That first year, when I asked the principal why Christmas carols had not been included, she said, “Well, there were – Jingle Bells, Jolly Old Saint Nicholas. . . .”

“But those aren’t Christmas carols,” I said.  “What about the birth of Jesus?” 

She looked at me like I’d gone mad.  That a parent might suggest singing songs about Christ at Christmas!

“You know, I understand we’re trying for multiculturalism,” I forged on, “But we’re part of the culture too. What about representing us?”

Today, our family lives in Virginia, where the phrase “In God We Trust” is posted in every public school because it’s required by law, and where educators seem to have a better grasp of what is legally permissible and what is not.

Still, there are always threats to our freedom. I remember waiting after one middle school event to shake the principal’s hand and express my gratitude. A very tall, very unhappy looking father got to her first and began berating her for a biblical reference he noticed in his son’s literature class. I saw her confident, generous smile fade and her shoulders sag. Out of 1200 families at that school, this one angry man might in the end have the most impact.  Sure enough, the Spring Concert at that school – for the first time – was completely secular. 

Since then, I’ve made it a point to befriend this principal, sharing the information she needs to counter this tyranny of the minority and rejoicing to see the school shift back to religious inclusion. But I’m just one individual. While I have more impact than most with my large family spread among several schools, I still feel very much like the Dutch boy sticking his finger in the dike.

When we see signs of Christian history, art, music, and culture wane, what we need to understand is that it’s not anyone’s fault but our own.
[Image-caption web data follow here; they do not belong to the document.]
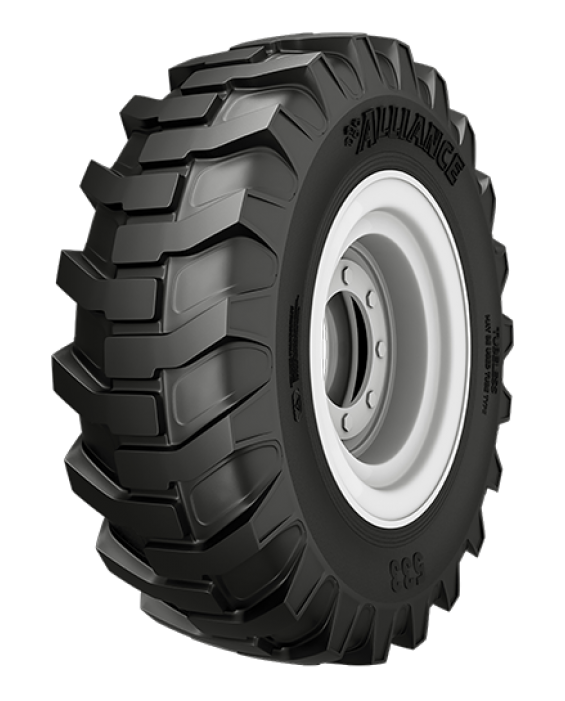 Anvelopa Alliance 533 16.5/8524 Anvelopa Alliance 533 16.5/8524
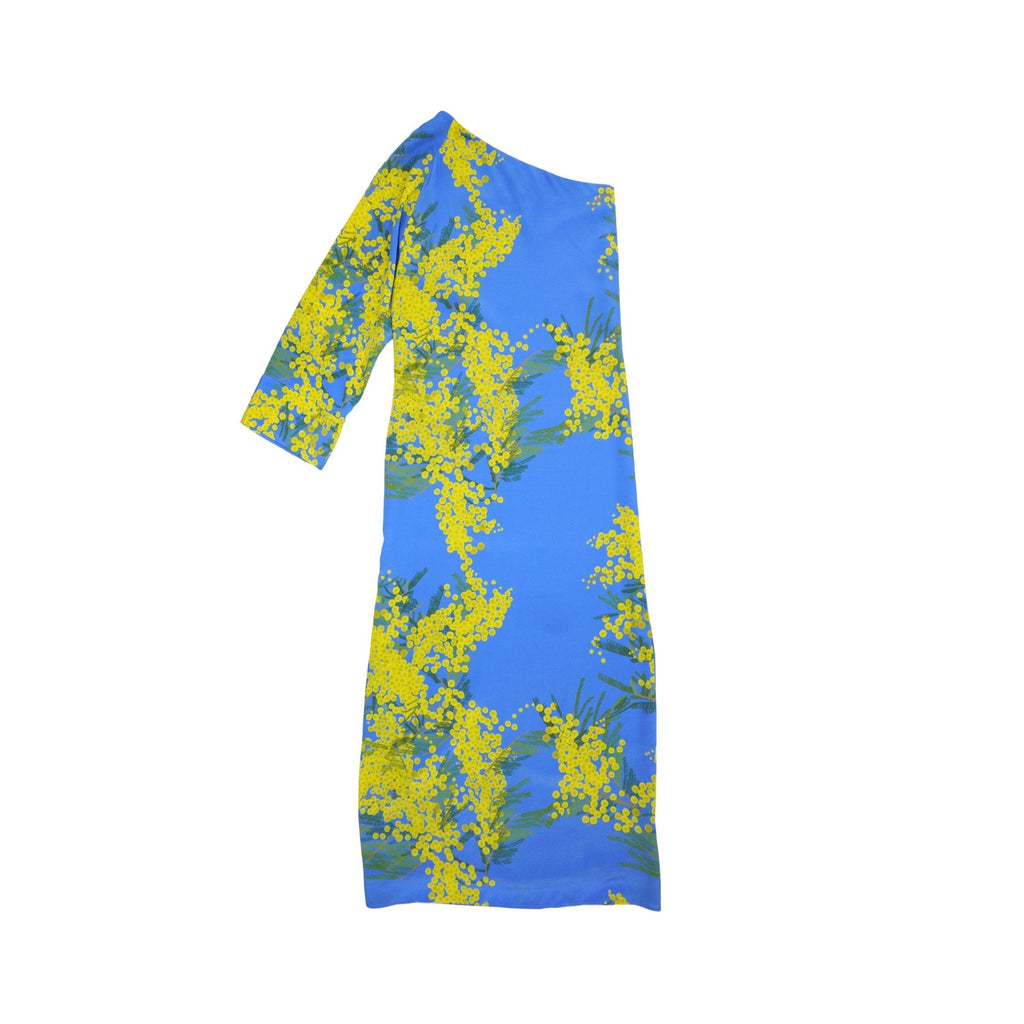 Bernadette Dress - Women's 34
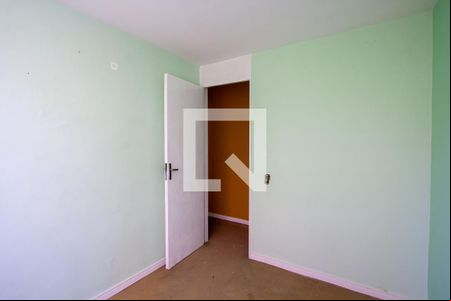 Quarto 1 de apartamento para alugar com 2 quartos, 77m² em Santa Rosa, Niterói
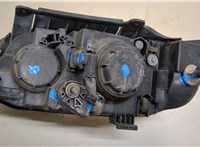 Фара (передняя) Hyundai Matrix 20256048 #6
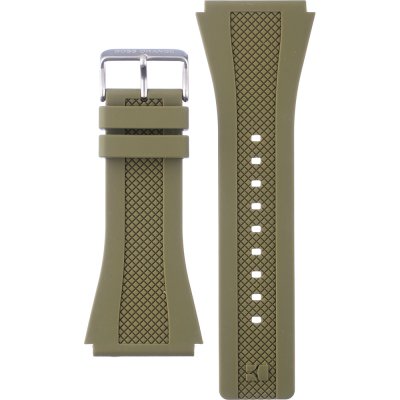 Hugo Boss Hugo Boss Straps 659302365 Strap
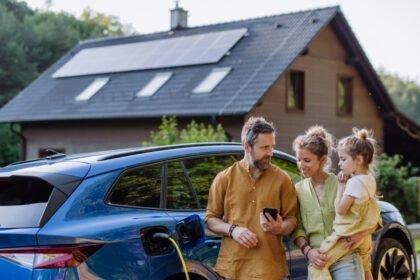 5 Reasons Why You are Getting Excessive Electrical Bills With Solar Panels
Legislators and courts have already done their part to uphold religious freedom. The question is: Have we done ours?

Christian parents need to recognize that even when we delegate responsibility for our children’s education to public schools, we are still responsible for oversight. We are still responsible for challenging censorship of Christian elements in literature and the arts. 
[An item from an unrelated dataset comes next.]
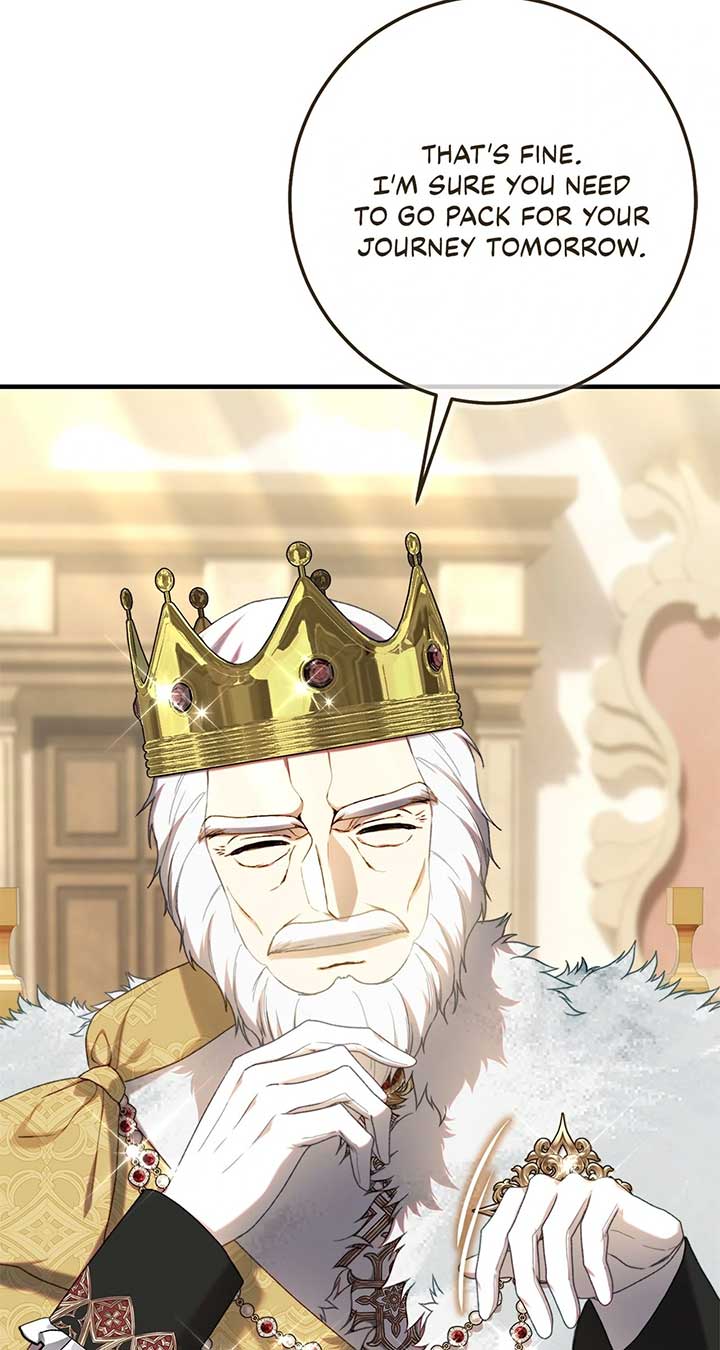 ch 73 24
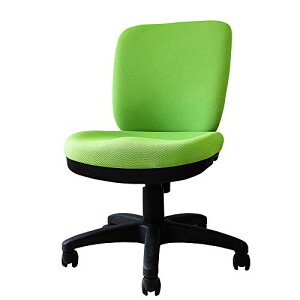 LOOKIT ItBX`FA fXN`FA PC`FA Ȃ ֎q LX^[t RpNg ̈U O[ IȂ WTB-1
The Christmas season reminds us that our job is to stay informed and involved year-round. Don’t wait until something goes wrong to complain. Build relationships with principals and teachers.  Know the law and be prepared to share it. But also learn as much as you can about the relationship between Christianity and the arts so you can discuss the importance of our cultural history in a winsome way.

I’m reminded of one high school teacher whose penchant for medieval music guaranteed a Winter Program filled with sacred music. Here's his reaction to one complaint: “When they write other music that’s any good, I’ll use it. My job is to teach music, and I only teach the best.”
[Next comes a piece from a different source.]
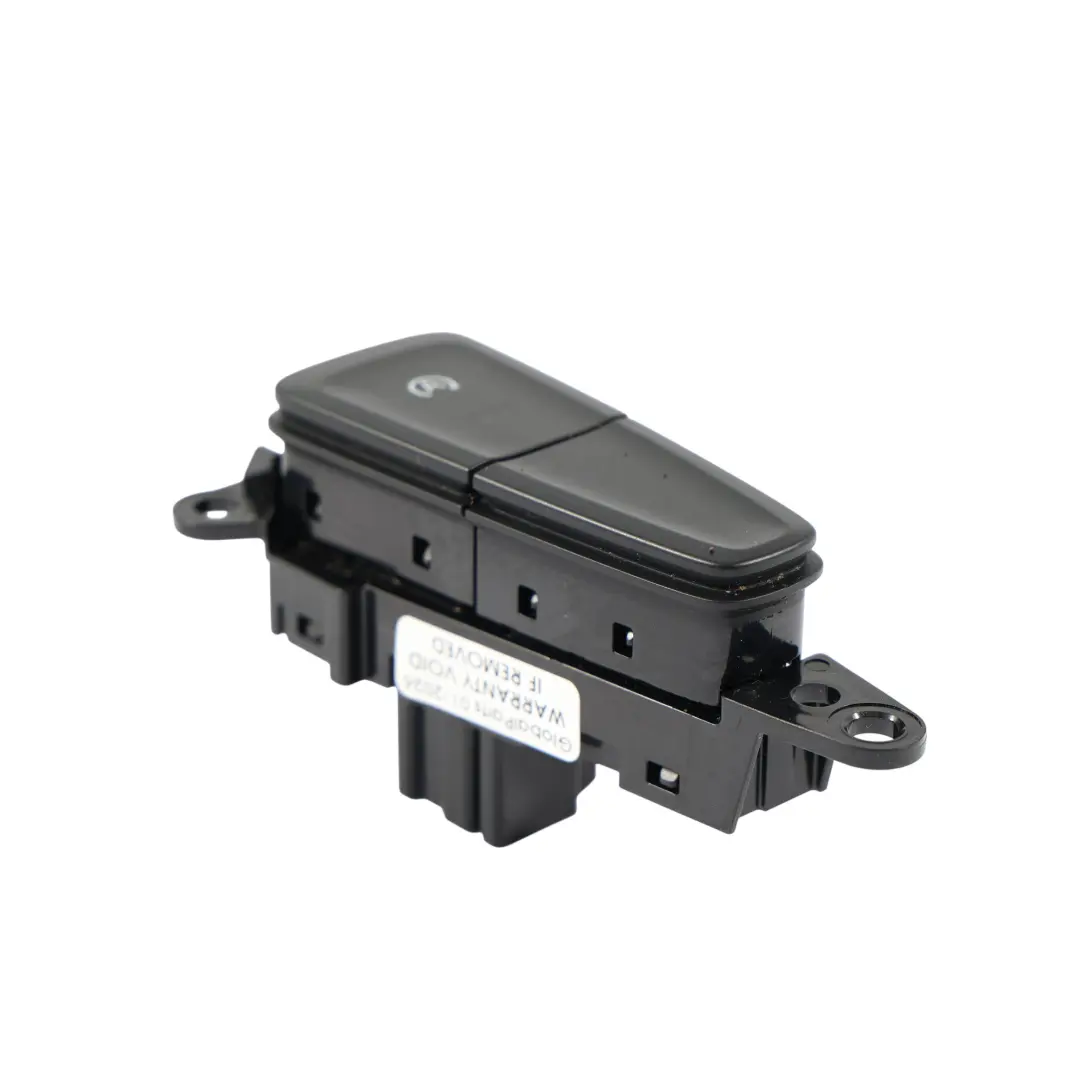 Mk3 Auto Start Stop On Off Switch Panel Przycisków F1ET11B573AA do Ford Focus o numerze F1ET-11B573-AA Ford Focus Mk3 Auto Start Stop On Off Switch Panel Przycisków F1ET11B573AA - SKU F1ET-11B573-AA - Numer Części F1ET-11B573-AA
Whether this teacher is a believer or not, Christian parents can learn from him. We need to stop thinking defensively and start taking back ground that has been lost through intimidation and fear in public schools. 

The fact is that taking Christ out of Christmas doesn’t hurt Christianity – after all Jesus said that even if his disciples were silenced, the rocks would cry out (Luke 19:40).  But the historical interconnectedness of faith, inspiration and artistic expression means that any anti-religion attacks on music, art or literature in the public schools must be resisted for the good of all students

Which is exactly why the law is on our side – and why we need to defend it.